**WORK REQUEST**
Print the lines below exactly, beginning with the one that contains "116 PARKWOOD COURT Image 8" and stopping after the last line.

**MATERIAL SHOWN**
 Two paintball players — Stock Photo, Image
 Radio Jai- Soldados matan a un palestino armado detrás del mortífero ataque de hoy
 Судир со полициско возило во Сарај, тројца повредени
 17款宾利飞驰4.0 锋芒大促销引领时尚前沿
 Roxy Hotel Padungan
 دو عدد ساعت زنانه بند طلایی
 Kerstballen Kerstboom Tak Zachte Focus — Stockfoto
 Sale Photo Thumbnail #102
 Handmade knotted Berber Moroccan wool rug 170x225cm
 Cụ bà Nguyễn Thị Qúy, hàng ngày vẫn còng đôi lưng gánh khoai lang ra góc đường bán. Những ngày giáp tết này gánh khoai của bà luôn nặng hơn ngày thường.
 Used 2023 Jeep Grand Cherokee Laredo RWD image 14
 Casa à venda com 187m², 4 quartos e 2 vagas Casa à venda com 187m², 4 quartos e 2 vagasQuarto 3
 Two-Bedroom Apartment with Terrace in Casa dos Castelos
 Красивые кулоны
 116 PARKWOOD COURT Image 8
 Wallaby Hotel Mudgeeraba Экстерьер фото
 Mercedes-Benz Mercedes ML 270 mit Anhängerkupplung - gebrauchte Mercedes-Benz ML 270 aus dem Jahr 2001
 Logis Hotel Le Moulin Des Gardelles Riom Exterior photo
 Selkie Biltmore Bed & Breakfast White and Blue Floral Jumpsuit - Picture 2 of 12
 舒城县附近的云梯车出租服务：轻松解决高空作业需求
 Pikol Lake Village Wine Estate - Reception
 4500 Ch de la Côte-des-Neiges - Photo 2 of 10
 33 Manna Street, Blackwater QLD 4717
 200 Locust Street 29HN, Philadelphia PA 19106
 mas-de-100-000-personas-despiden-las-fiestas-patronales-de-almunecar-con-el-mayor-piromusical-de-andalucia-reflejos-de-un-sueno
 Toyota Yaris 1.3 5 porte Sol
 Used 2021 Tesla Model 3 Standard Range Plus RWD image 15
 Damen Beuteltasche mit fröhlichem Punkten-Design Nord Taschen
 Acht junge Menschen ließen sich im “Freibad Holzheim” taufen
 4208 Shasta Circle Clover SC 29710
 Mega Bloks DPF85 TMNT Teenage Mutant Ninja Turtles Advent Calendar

**EXPECTED ANSWER**
 116 PARKWOOD COURT Image 8
 Wallaby Hotel Mudgeeraba Экстерьер фото
 Mercedes-Benz Mercedes ML 270 mit Anhängerkupplung - gebrauchte Mercedes-Benz ML 270 aus dem Jahr 2001
 Logis Hotel Le Moulin Des Gardelles Riom Exterior photo
 Selkie Biltmore Bed & Breakfast White and Blue Floral Jumpsuit - Picture 2 of 12
 舒城县附近的云梯车出租服务：轻松解决高空作业需求
 Pikol Lake Village Wine Estate - Reception
 4500 Ch de la Côte-des-Neiges - Photo 2 of 10
 33 Manna Street, Blackwater QLD 4717
 200 Locust Street 29HN, Philadelphia PA 19106
 mas-de-100-000-personas-despiden-las-fiestas-patronales-de-almunecar-con-el-mayor-piromusical-de-andalucia-reflejos-de-un-sueno
 Toyota Yaris 1.3 5 porte Sol
 Used 2021 Tesla Model 3 Standard Range Plus RWD image 15
 Damen Beuteltasche mit fröhlichem Punkten-Design Nord Taschen
 Acht junge Menschen ließen sich im “Freibad Holzheim” taufen
 4208 Shasta Circle Clover SC 29710
 Mega Bloks DPF85 TMNT Teenage Mutant Ninja Turtles Advent Calendar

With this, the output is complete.